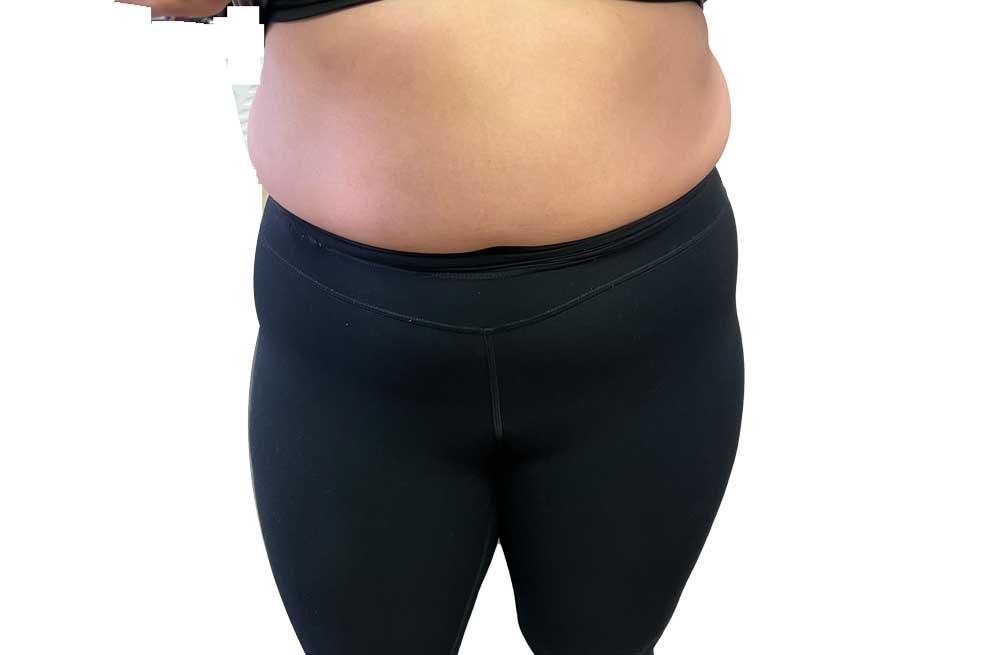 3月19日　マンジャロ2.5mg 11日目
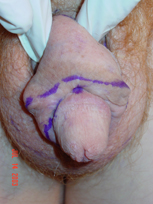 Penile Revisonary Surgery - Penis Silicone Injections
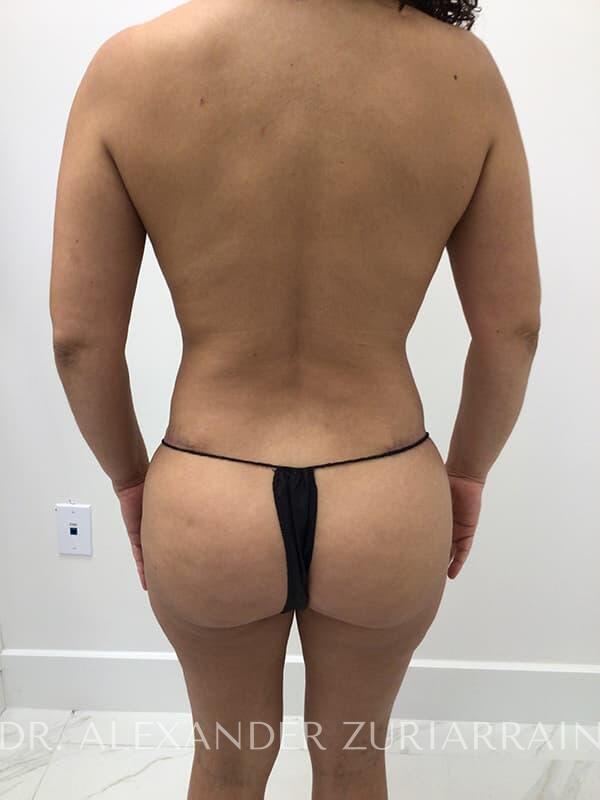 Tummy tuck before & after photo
--
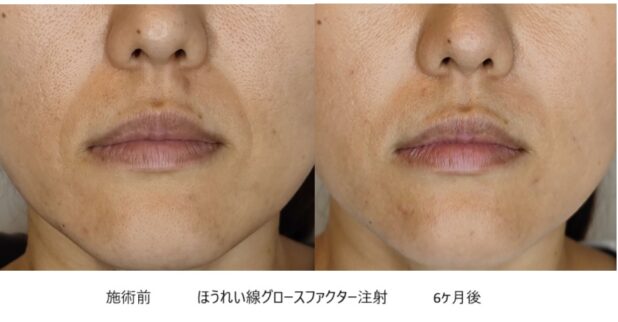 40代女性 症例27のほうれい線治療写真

Your goal:
Copy only what lies between the line with "3月19日　マンジャロ2.5mg 11日目" and the line with "Tummy tuck before & after photo", those two lines included, exactly as given above; pictures stay out.

Answer to this exercise:
 3月19日　マンジャロ2.5mg 11日目
 Penile Revisonary Surgery - Penis Silicone Injections
 Tummy tuck before & after photo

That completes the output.